To Reproduce Make a simple model, run it, check hash column size.

Expected behavior 16-byte MD5 hash, not 32-byte 32-byte SHA hash, not 64-byte

Screenshots image

DVAlexHiggs commented 1 year ago

Hi thanks for your report! This will be investigated in the new year.

This is odd as all of our tests are still passing and they have not been modified, so they should still be producing the correct hashes (correct lengths and values etc.)

They are converted to Hex because our hashing approach is intended to be consistent across all platforms and produce the same strings whether encoded in BINARY or just as strings, depending on the platform.

My instinct here is that this is intended functionality due to the differences in hashing in postgres; there was a reason we implemented it this way.

Will keep this updated!

dbaibakov commented 1 year ago

Yeh, sure, Merry Cristmas and upcoming Happy New Year ))

Just for your future investigation. Snowflake (default) - calculated as binary, stored as binary MS SQL - calculated as binary, stored as binary Databricks - calculated as hex-string, stored as text Bigquery - calculated as hex-string, stored as text Postgres - calculated ad hex-string, stored as binary

So it seems that there is no one-size-fits-all approach. There are 2 things to note: 1) all the engines calculate values right the way they are stored: binary as binary, text as text. Only Postgres calculates as text and stores the text as binary 2) data type selection - binary or text - depends on engine's capabilities. Unfortunately I don't have enough expertise in Bigquery and Databricks, so I can't suppose why hashes are stored as text there. For Databricks it's probably a compatibility issue as it works with files in Lakehouse architecture. But I think Postgres is much more like MS SQL than Databricks, they are traditional RDBMSes with proprietary data storage formats, and seems their abilities and features should be very close.

Anyway thanks in advance for your investigation))

DVAlexHiggs commented 1 year ago

Yeh, sure, Merry Cristmas and upcoming Happy New Year ))

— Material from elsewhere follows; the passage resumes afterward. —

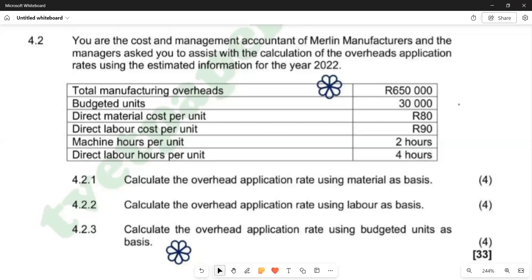Hello there. Welcome to Cost and Management Accounting in 5. In this video, we want to look at question 4.2 of the question paper of June 2024. We are just going to go through question 4.2.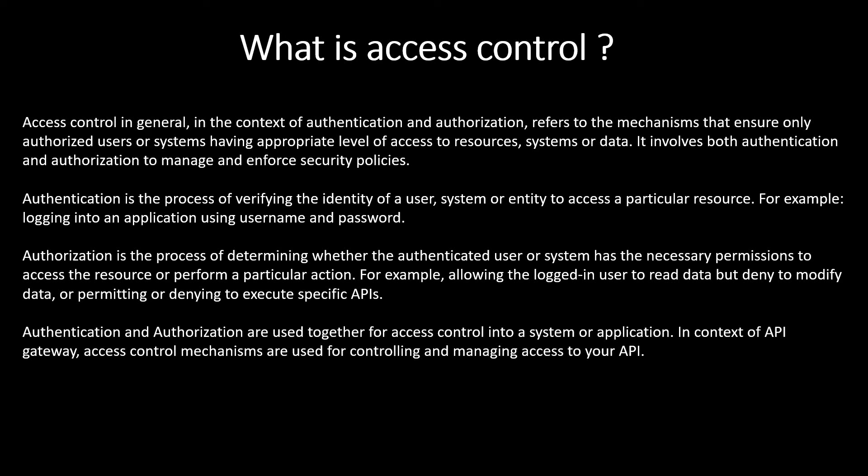Authentication and authorization are used together for access control into a system or application. In context of API Gateway, access control mechanisms are used for controlling and managing access to your API. In short, access control are the authentication and authorization mechanisms which are used together to control any system. If we talk about API Gateway, we have different access control mechanisms. In this video, we are going to discuss about the IAM mechanism of access control.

Just for your future investigation. Snowflake (default) - calculated as binary, stored as binary MS SQL - calculated as binary, stored as binary Databricks - calculated as hex-string, stored as text Bigquery - calculated as hex-string, stored as text Postgres - calculated ad hex-string, stored as binary

So it seems that there is no one-size-fits-all approach. There are 2 things to note: 1) all the engines calculate values right the way they are stored: binary as binary, text as text. Only Postgres calculates as text and stores the text as binary 2) data type selection - binary or text - depends on engine's capabilities. Unfortunately I don't have enough expertise in Bigquery and Databricks, so I can't suppose why hashes are stored as text there. For Databricks it's probably a compatibility issue as it works with files in Lakehouse architecture. But I think Postgres is much more like MS SQL than Databricks, they are traditional RDBMSes with proprietary data storage formats, and seems their abilities and features should be very close.

Anyway thanks in advance for your investigation))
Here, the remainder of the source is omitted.